Le pistolet sur la nuque
Il en ressort toutefois que 196 814 € ont été dérobés : près de 139 000 € dans des caisses de machines à sous et 58 000 € dans le coffre, sans compter 10 000 € de pourboires qui auraient également disparu. D’après les caméras de vidéosurveillance de la commune puis de l’établissement (à l’intérieur, ces dernières ont été recouvertes de peinture noire), le duo a stationné un fourgon sur un parking voisin au centre équestre, peu avant 5 h du matin ce dimanche-là. À 6 h 22, le visage recouvert d’une cagoule et d’un casque de moto, tous deux ont menacé, avec le pistolet sur sa nuque, une employée qui venait de garer sa Peugeot : tout en répétant ne pas lui vouloir de mal, ils ont dérobé sa clé de voiture et son badge d’accès, et l’ont contrainte à ouvrir la porte de service avant de lui nouer les mains, de la bâillonner et de lui demander de les conduire dans la salle de comptage des recettes, qui mène au coffre-fort.

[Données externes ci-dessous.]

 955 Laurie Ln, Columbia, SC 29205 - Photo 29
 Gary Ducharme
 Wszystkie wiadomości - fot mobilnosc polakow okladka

Deux des trois employés qui s’y trouvaient, puis deux femmes de ménage arrivées plus tard, ont été à leur tour ligotés et bâillonnés, les oreilles recouvertes de casques antibruit trouvés sur place, tandis qu’un cadre membre du comité de direction a été sommé d’expliquer le processus d’ouverture du coffre, qui impose de composer deux fois un code à dix minutes d’intervalle. Toujours en pointant l’arme de poing vers sa nuque, les malfaiteurs en ont profité pour lui faire ouvrir les caisses de recettes des machines à sous, en exigeant de commencer par celles du bas, les mieux fournies, ce qui n’a pas manqué d’intriguer le responsable…
Un détail décisif
Comme ils venaient de répandre un produit de nettoyage dans le local du coffre non ventilé, ils ont renoncé à y enfermer les prisonniers et les ont laissés, presque tous sans leurs entraves, dans la salle de change (équipée d’un téléphone qui a ensuite permis au responsable de donner l’alerte). Ils ont alors « emprunté » la Peugeot de l’employée, puis l’ont aspergée d’huile qui se trouvait dans le coffre, avant de disparaître avec le fourgon. Il était 7 h 13. Aucune des six victimes n’a vraisemblablement reçu de coups.
Les traces ADN ne se révélant pas probantes et les auditions ne suffisant pas à identifier des suspects, comment les enquêteurs ont-ils pu remonter jusqu’aux braqueurs présumés ? C’est en remarquant, sur une bande vidéo de la commune, que le fourgon d’une société de location était dépourvu d’enjoliveurs sur trois roues, qu’ils ont pu remonter jusqu’au véhicule et à un jeune homme, qui a déclaré l’avoir loué pour le compte d’un ami strasbourgeois : un détail décisif. Âgé aujourd’hui de 33 ans, ce dernier est l’accusé actuellement en fuite. En effet, la section de recherches a constaté qu’il était en contact régulier ces derniers temps avec un Colmarien de 37 ans, qui a fini par reconnaître leur participation. Deux des sœurs de ce dernier, qui travaillaient au casino, comparaissent aussi : la cadette pour complicité et recel, et l’aînée pour recel et blanchiment. Tandis que le frère du Strasbourgeois et l’une de ses amies comparais-sent pour recel. Les cinq accusés présents sont-ils impliqués dans tous les faits reprochés, et dans quelle mesure ? La cour se donne jusqu’à mercredi prochain pour éclairer les choses, puis trancher. Les accusés encourent 20 ans de réclusion, sauf le fugitif et son frère, en récidive, qui risquent la perpétuité.
Du côté des victimes, quatre sur six se sont constituées parties civiles, ainsi que le casino. Le butin n’a pas été retrouvé, mais la sœur aînée a remis 10 000 € qui, selon elle, en proviendraient.